Web page caption snippets

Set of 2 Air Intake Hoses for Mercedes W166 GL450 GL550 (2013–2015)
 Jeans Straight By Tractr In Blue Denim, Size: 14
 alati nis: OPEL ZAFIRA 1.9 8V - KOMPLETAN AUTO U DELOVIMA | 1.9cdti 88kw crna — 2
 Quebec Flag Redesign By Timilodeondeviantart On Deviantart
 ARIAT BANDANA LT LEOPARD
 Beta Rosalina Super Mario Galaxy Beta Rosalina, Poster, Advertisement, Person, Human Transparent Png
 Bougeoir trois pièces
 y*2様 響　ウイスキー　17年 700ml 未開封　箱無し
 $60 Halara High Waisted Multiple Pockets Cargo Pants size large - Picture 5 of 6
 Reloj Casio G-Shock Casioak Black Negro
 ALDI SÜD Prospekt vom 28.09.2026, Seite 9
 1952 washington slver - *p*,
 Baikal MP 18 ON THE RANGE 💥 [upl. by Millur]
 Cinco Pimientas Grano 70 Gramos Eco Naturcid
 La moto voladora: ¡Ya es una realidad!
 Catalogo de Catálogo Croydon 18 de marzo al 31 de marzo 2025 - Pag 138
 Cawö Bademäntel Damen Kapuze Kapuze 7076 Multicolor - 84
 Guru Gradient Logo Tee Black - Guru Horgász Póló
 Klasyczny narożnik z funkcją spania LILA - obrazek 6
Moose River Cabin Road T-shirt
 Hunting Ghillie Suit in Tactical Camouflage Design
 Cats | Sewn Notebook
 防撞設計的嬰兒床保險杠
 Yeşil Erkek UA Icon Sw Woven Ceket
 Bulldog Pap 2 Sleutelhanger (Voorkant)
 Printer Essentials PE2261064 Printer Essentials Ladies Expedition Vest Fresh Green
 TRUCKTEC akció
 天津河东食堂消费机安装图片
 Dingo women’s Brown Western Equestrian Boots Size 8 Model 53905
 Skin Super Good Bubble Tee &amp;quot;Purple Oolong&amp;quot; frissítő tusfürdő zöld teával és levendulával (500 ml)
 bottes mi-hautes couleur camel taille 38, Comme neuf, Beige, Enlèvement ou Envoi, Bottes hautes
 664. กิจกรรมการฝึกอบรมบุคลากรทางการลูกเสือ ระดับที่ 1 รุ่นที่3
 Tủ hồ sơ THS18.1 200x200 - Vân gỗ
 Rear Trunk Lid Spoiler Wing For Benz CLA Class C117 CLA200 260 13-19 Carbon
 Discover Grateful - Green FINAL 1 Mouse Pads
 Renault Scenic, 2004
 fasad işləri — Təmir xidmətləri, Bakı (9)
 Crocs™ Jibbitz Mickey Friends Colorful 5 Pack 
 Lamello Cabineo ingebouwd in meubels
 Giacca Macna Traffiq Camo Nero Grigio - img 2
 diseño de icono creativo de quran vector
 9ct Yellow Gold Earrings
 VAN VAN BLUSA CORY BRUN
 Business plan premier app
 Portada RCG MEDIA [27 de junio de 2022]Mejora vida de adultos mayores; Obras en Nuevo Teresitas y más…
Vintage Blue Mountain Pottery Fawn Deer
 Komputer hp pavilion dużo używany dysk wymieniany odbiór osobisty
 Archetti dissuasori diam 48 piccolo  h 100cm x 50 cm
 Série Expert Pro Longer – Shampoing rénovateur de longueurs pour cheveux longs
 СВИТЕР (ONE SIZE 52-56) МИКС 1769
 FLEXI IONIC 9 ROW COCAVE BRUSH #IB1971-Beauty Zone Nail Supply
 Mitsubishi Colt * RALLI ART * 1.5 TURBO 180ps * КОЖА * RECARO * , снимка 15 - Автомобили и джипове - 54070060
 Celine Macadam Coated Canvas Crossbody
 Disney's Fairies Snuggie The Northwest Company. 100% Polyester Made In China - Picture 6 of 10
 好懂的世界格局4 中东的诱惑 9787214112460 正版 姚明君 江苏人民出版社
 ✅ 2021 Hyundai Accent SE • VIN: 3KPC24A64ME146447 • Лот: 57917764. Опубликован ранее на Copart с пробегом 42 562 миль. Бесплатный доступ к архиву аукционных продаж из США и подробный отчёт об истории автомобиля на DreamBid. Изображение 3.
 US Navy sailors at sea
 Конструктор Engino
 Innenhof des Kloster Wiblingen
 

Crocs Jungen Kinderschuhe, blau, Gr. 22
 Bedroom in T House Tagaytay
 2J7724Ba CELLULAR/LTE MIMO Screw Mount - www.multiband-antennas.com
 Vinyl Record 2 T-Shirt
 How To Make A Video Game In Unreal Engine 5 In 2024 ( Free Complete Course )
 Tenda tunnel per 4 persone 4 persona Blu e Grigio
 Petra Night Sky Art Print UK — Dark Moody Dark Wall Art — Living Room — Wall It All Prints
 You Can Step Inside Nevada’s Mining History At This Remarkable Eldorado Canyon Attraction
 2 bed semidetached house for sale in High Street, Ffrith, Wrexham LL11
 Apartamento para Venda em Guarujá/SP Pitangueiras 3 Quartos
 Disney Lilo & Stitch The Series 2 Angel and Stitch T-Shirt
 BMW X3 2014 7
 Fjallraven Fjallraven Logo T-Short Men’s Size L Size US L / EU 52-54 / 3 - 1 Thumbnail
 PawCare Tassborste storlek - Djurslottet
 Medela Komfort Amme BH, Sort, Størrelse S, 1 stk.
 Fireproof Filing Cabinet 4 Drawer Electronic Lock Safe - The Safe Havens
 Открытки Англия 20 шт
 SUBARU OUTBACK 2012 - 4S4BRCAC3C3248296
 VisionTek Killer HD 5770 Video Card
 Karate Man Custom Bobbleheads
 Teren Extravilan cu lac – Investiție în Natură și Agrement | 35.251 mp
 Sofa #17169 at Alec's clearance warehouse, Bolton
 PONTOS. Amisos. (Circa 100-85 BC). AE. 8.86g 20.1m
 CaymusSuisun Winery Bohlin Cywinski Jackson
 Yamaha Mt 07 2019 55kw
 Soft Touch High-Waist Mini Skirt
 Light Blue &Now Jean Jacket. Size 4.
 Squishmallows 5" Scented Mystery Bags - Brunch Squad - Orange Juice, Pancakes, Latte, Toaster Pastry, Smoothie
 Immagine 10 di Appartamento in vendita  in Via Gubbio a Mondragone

▸ **YOUR GOAL**: From the data above, output only the lines between the line containing "Renault Scenic, 2004" and the line containing "FLEXI IONIC 9", inclusive, exactly as written.

▸ **EXERCISE RESPONSE**:
 Renault Scenic, 2004
 fasad işləri — Təmir xidmətləri, Bakı (9)
 Crocs™ Jibbitz Mickey Friends Colorful 5 Pack 
 Lamello Cabineo ingebouwd in meubels
 Giacca Macna Traffiq Camo Nero Grigio - img 2
 diseño de icono creativo de quran vector
 9ct Yellow Gold Earrings
 VAN VAN BLUSA CORY BRUN
 Business plan premier app
 Portada RCG MEDIA [27 de junio de 2022]Mejora vida de adultos mayores; Obras en Nuevo Teresitas y más…
Vintage Blue Mountain Pottery Fawn Deer
 Komputer hp pavilion dużo używany dysk wymieniany odbiór osobisty
 Archetti dissuasori diam 48 piccolo  h 100cm x 50 cm
 Série Expert Pro Longer – Shampoing rénovateur de longueurs pour cheveux longs
 СВИТЕР (ONE SIZE 52-56) МИКС 1769
 FLEXI IONIC 9 ROW COCAVE BRUSH #IB1971-Beauty Zone Nail Supply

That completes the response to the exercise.